DATASET EXCERPT |
[Start of Attachment]

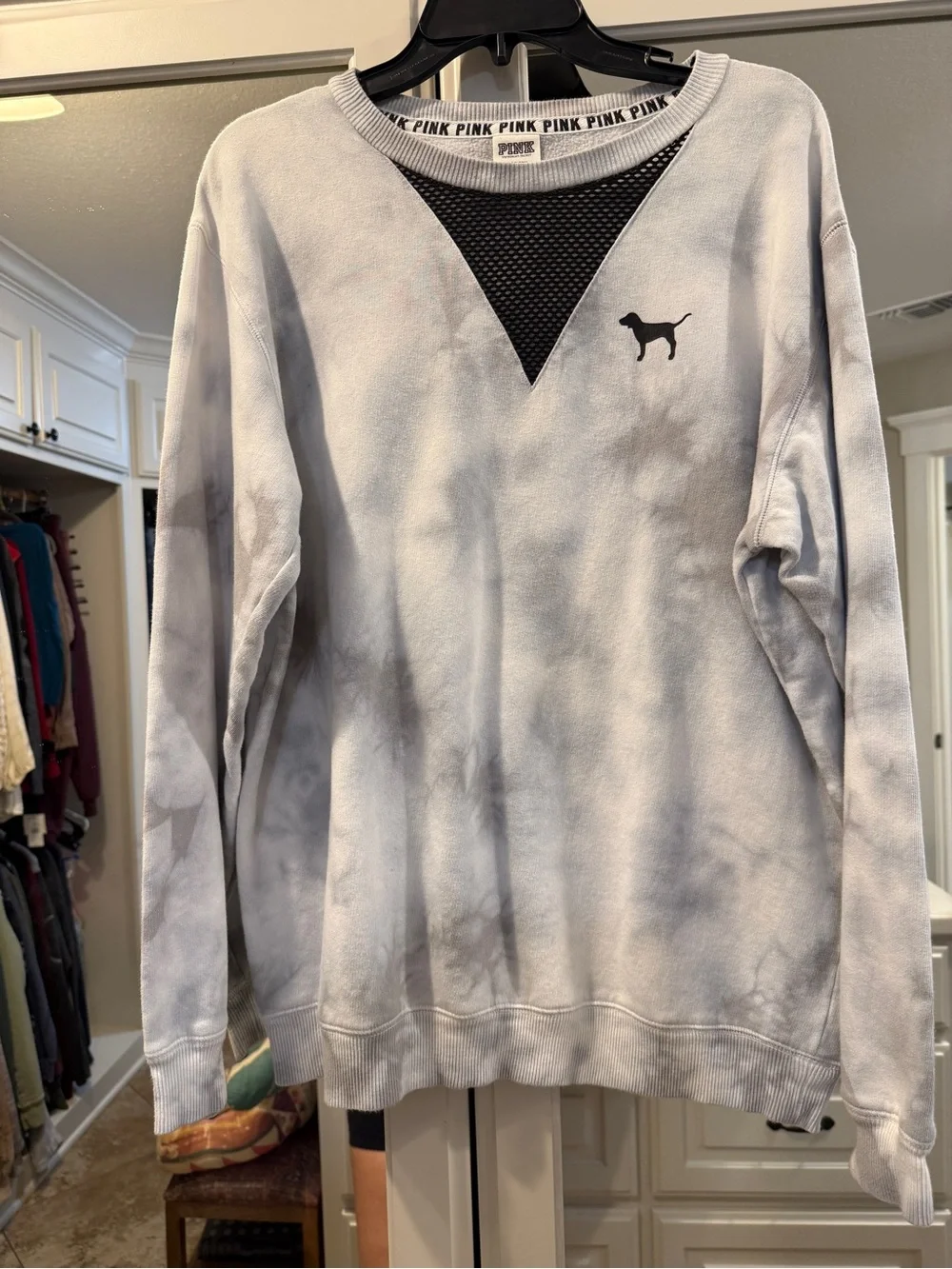 Victoria's Secret PINK Light Gray Tie-Dye Crewneck with Black Mesh V-Inset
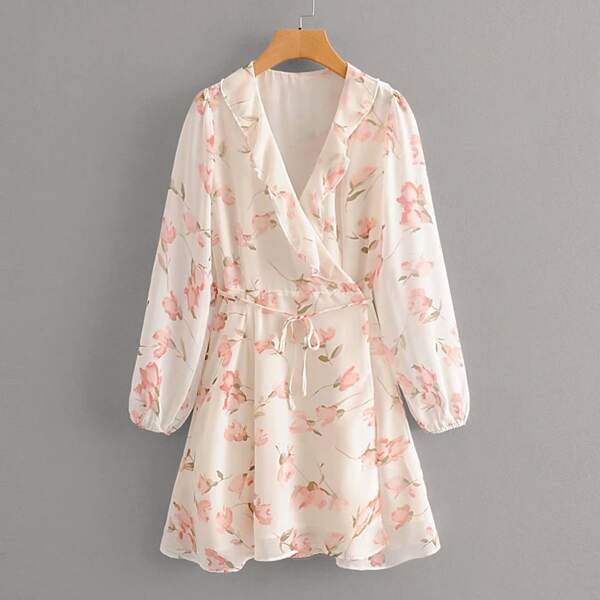 

Surplice Front Ruffle Floral A-line Dress, Beige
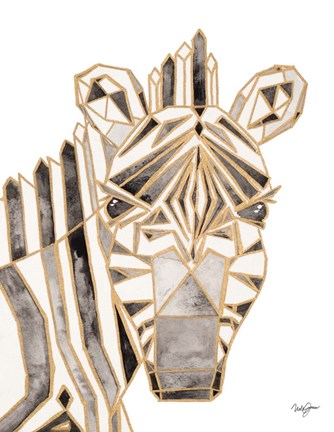 Framed Retro Zebra Print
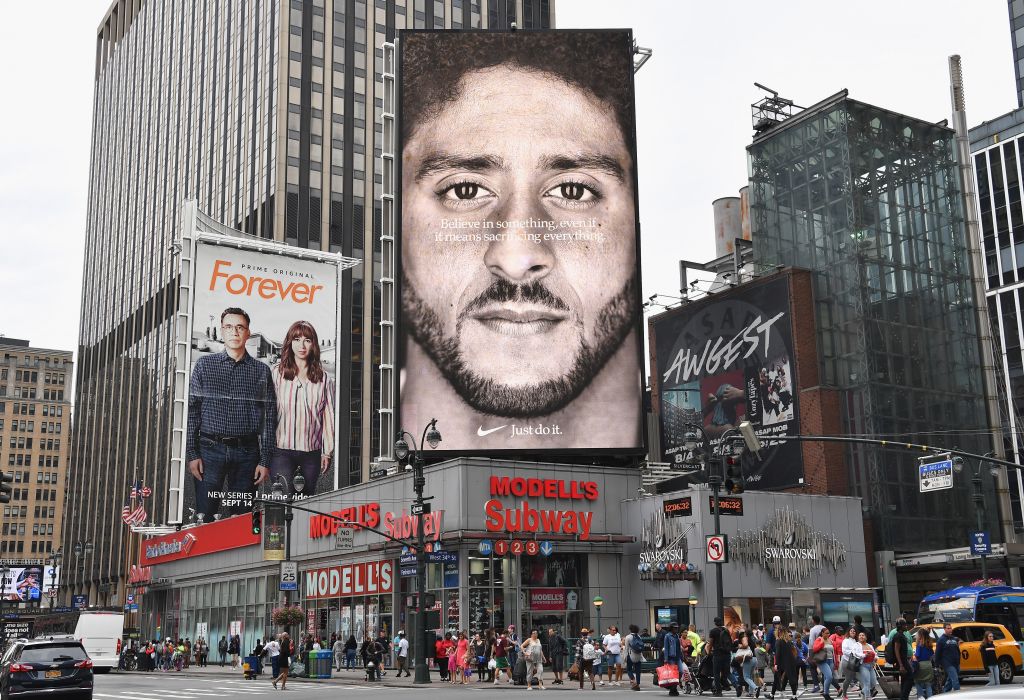 Colin Kaepernick&#039;s Nike ad in New York City.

[End of Attachment]

REQUIREMENT | Return the material above exactly; the images stay out.

SOLUTION FOR THIS TASK |
 Victoria's Secret PINK Light Gray Tie-Dye Crewneck with Black Mesh V-Inset

Surplice Front Ruffle Floral A-line Dress, Beige
 Framed Retro Zebra Print
 Colin Kaepernick&#039;s Nike ad in New York City.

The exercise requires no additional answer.